Protestamos por el mundo que nos ha tocado vivir, pero nos conformamos con ir tirando. Esta espiral de resignación y pasividad puede ser socialmente peligrosa.

La diferencia entre la angustia existencial que atenazó a generaciones anteriores de españoles y la que nos atenaza a nosotros es que entonces existía una fuerza social por avanzar hacia un mundo mejor y hoy domina el espíritu de la resignación. Protestamos por el mundo que nos ha tocado vivir, pero nos conformamos con ir tirando. Hay un cierta sensación que nos hace pensar que todo lo que está por venir va a ser peor de lo que ya tenemos y que, por lo tanto, nuestra mejor opción es que no llegue o que tarde en llegar. No es una cuestión generacional, es estructural, un signo de nuestro tiempo que afecta a varias generaciones. Hasta los años 90 existía la idea de progreso, de que el individuo se dirigía a algún sitio. Ahora el futuro se vislumbra peor que el presente, y esa idea ha permeado en los jóvenes y también en los más mayores, personas de 50 a 60 años que tienen claro que sus hijos vivirán peor que ellos, algo impensable antes.
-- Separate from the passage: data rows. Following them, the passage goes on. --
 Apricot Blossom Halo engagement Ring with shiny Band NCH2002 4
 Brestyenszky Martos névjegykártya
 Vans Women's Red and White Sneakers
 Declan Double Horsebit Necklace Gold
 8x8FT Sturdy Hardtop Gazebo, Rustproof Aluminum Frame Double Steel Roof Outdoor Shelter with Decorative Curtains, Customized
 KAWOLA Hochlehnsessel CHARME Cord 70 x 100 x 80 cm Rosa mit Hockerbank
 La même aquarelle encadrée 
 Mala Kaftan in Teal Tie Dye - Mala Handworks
Cinismo, individualismo, parálisis, polarización, populismo, son expresiones habituales. Afortunadamente, existen algunos brotes de esperanza en las generaciones más jóvenes, concienciadas con el cambio climático, con los excesos en la jornada laboral (la llamada ‘gran renuncia’) y con el avance en derechos reproductivos y sexuales.

En España, los 70 fueron los del fin de la dictadura y el ilusionante inicio de una democracia moderna, y los 80 la década de la consolidación del estado del bienestar y de la entrada en Europa. En los 90 se produce el ‘boom’ de la sociedad de consumo, en la que construimos nuestro futuro no sobre los pilares del avance social, sino del materialismo: aspiramos al lavavajillas y a la televisión de pago, a un coche del que estemos orgullosos, a la segunda residencia. Cuando el contrato social del aumento continuado de la riqueza y el bienestar se rompe en 2008, el futuro se vuelve amenazador. Habíamos alcanzado un grado razonable de bienestar y la crisis nos advertía de que en adelante todo iría cuesta abajo.

Las certezas son materiales y mentales. Son derechos laborales, independencia económica, un entorno laboral más equilibrado y un mercado de la vivienda justo, relaciones sociales sanas y de confianza, la posibilidad de encontrar resonancia en nuestras aficiones. Pero también una visión del mundo en la cual aún tenemos las riendas de nuestra propia vida.

En 2011, en el momento más bajo de la crisis, la Comisión Europea, en el Libro Blanco sobre el futuro de Europa, señaló que “por primera vez desde la Segunda Guerra Mundial, existe un riesgo real de que la actual generación de jóvenes adultos acabe teniendo unas condiciones de vida peores que las de sus padres”. Europa no puede permitirse perder al grupo de edad más formado que ha tenido nunca y dejar que la desigualdad generacional arruine su futuro”.

Pero más allá de los factores coyunturales negativos, que sin duda existen y son graves, el actual miedo al futuro vendría a ser una profecía autocumplida, potenciada en parte por el sector empresarial, al que le beneficia que sus trabajadores se aferren a sus empleos en las condiciones que sea; también por ciertos sectores políticos, que pescan en río revuelto, y por los medios de comunicación, que han visto un filón comercial en bombardearnos con discursos apocalípticos y amenazadores. Hay que vencer la pereza del ir tirando y mostrar un comportamiento mucho más inconformista.